We are not currently meeting 'in-person'

We are not currently meeting 'in-person.'
I have made the difficult decision to stop holding our in-person Sunday night meetings - you can read more about this in my post here. I will be continuing to post weekly content here and in our newsletter. Do remember to sign up for the 'Metta Letter' newsletter below as I will be sending out weekly meditations there.

Saturday, November 13, 2021

All Time Like the Present

All Time Like the Present

I recently celebrated my birthday, the time when - as a colleague of mine used to describe it - "the earth once more passes close to the same arbitrary point in space that it did when I was born."

We all use language that refers to time, and have a vague feeling for it, but beyond noticing that it passes beyond us we don't really have a grasp of it. We may say "I don't know where the time went," but never comment on the fact that we don't know where it's coming from either. We throw around terms like 'Thursday,' but really have no true concept of Thursday-ness. As Ford Prefect observes in The Hitchhiker's Guide to the Galaxy, "Time is an illusion. Lunchtime doubly so."
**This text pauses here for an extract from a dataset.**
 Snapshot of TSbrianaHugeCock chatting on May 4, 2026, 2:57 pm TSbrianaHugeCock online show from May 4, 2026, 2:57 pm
In the Thirteenth Century Dōgen Zenji, the great founder of the Sōtō school of Zen wrote a treatise on time called Uji or 'The Time Being.' In it he lays out a theory of the oneness of time and being, observing that we don't understand time because we don't doubt our experience of it, and so like a fish not understanding water so we don't understand time.

Now I am not going to pretend for a minute that I understand what is taught in Uji, or that I can even begin to scrape it's depths. However, meditation is an empirical activity, and we can in our own practice explore our relationship with time. This is what is meant by 'doubting our experience of it' - not denying the existence of time (which would be foolish) but instead opening up to the fact that our experience and our assumptions may not be the whole story.

In Uji Dōgen says:

Do not regard time as merely flying away; do not think that flying away is its sole function. For time to fly away there would have to be a separation [between it and things]. Because you imagine that time only passes, you do not learn the truth of being-time. In a word, every being in the entire world is a separate time in one continuum. And since being is time, I am my being-time.

What he's saying here is that while the nature of time is to pass, that is not all there is to it. If we focus solely on it's flow, how it leaves us, then we miss the deep connection we have with it. We are beings that exist in time, we are not separable from it.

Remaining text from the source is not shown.